Reminds of a time when I… but that was another story.

27: We Wish To Inform You That Tomorrow We Will Be Killed With Our Families by Philip Gourevitch

In Books, History, Non-Fiction on 05/07/2013 at 12:00 pm

We Wish To Inform You That Tomorrow We Will Be Killed With Our Families by Philip GourevitchThis remarkable history book is about the Rwandan genocide of 1994 which lead to the killing of between 500,000 and 100,0000 (up to 14.2% of the country’s population) in a hundred days. Journalist Philip Gourevitch, writing for the New Yorker, grapples with a series of complex and shocking stories from Rwanda. The book references colonial writer’s flawed views on racial identity; Hutu Power propagandist radio broadcasts and pamphlets; quotes from soldiers working for the UN; and an international law, unanimously adopted at the genocide convention  in 1948, created to prevent another holocaust.

To the book’s credit,  every historical argument and shocking statistic is placed within the context of an interviewed survivor. The interviewees cover a range of Rwandan society including: the old woman who survived the murder of her children; the allegedly criminal priest who escaped to Texas; the hotel manager, Paul Rusesabagina, who saved many Tutsi lives (as depicted in the 2004 film Hotel Rwanda) by using his social intelligence and business skills; and, most significantly, the current president of Rwanda Paul Kagame.
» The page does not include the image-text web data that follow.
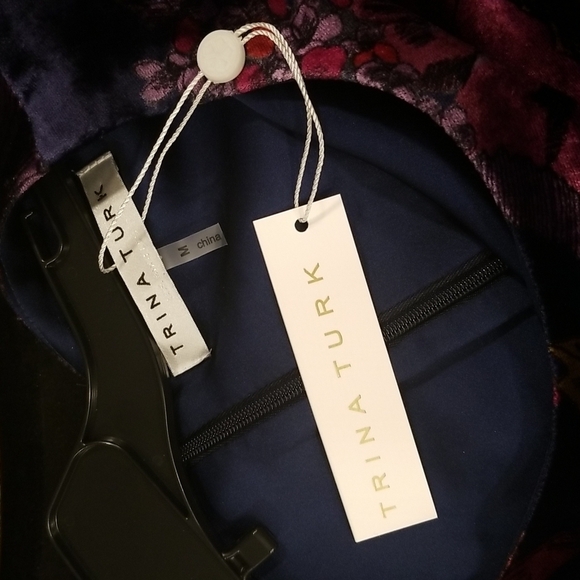 💕TRINA TURK💕 Astral Top ~ Velvet Abstract Floral Long Sleeve Bell Sleeve M NWT - Picture 11 of 13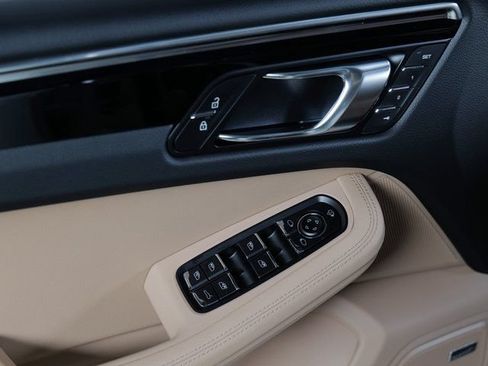 Certified 2026 Porsche Macan AWD/4WD image 29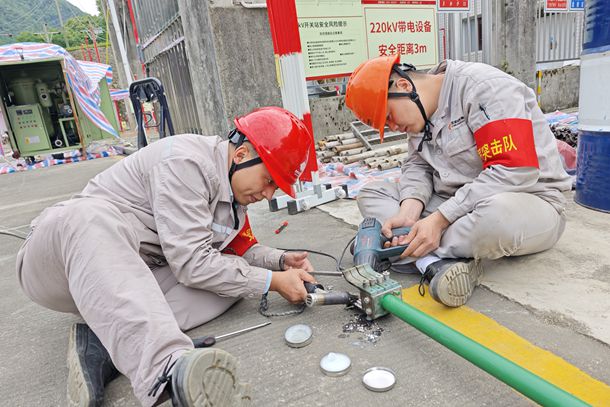 检修现场的“冰火两重天”-3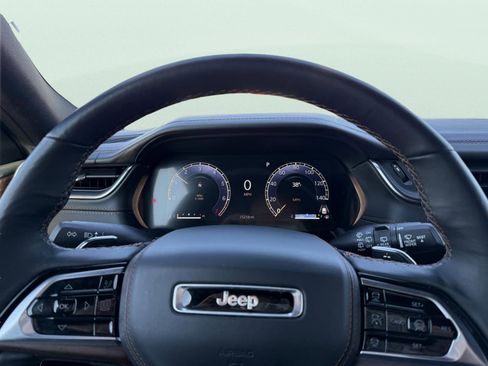 Used 2025 Jeep Grand Cherokee Summit image 25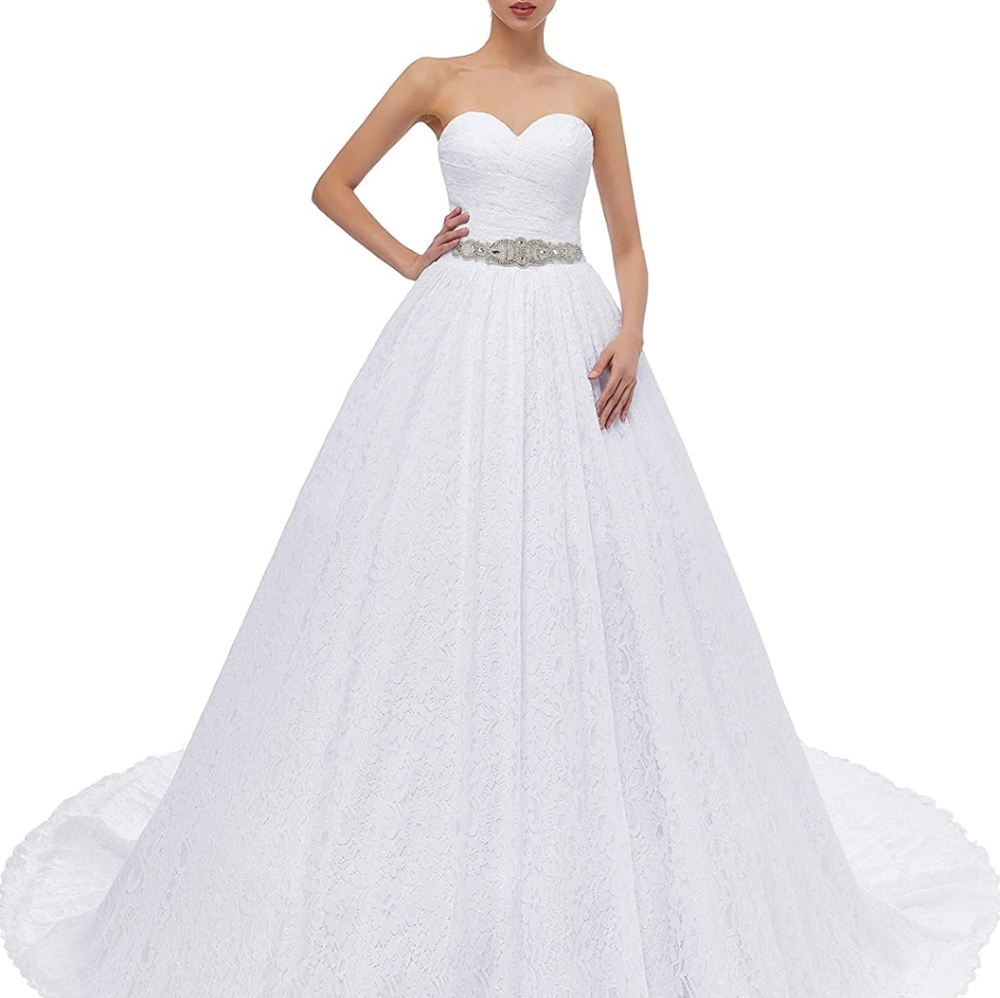 White Lace Wedding Dress w/accent belt/Petticoat and BRIDE dress bag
The interviews are handled delicately as the sympathetic yet cynical Gouravitch attempts to come to terms with his experiences.

And I think great credit should be given to Gouravitch. Not only has the American journalist gone to great depths – he spent three years compiling the research for this book – to shed some light on some very dark stories, but he has done so with the articulate prose style of a good writer of fiction. As the book references Joseph Conrad and George Elliot, we are given a literary context for the great suffering and horrific acts of the past. The reader is shown a portrait of a poor country – tragically ignored by the UN – divided by ethnicity to the point of destruction. Then the reader, who will most likely be from a safer and wealthier country, is given a harrowing account of how humanitarian aid money was used following the highly organised mass murders. As the very people who had committed the atrocities fled to the refugee camps in neighbouring Zaire to escape prosecution, aid workers were manipulated to become naive pawns within a Mafia style system. Lives were saved, but many dodgy deals were done.

To conclude, I want to tell you a story from my own childhood. In 1994 I was a nine-year-old primary school student who didn’t like dinner-ladies. They would always be shouting at children and telling them things that didn’t make much sense. I remember one day I didn’t like the over-boiled pasta that I had been given to eat for school dinners. It must have been sitting in the pot for at least half an hour which left it inflated and incredibly soggy. Anyway, the dinner-ladies would tell the kids that they weren’t allowed to throw away their pasta “because of the starving children in Africa.” I would reply to them logically arguing that “if I don’t throw away this food it’s not going to go Africa so why can’t I throw it away.” I cleverly organised a lookout system with a couple of friends. Whilst the dinner-ladies weren’t looking or were having a fag outside, we’d make a dash for the throw-away bowl. Goodbye saturated pasta!

Having now read, in great detail, about what the dinner-ladies called “the starving children in Africa” I will, if called upon, defend my actions in a court of justice.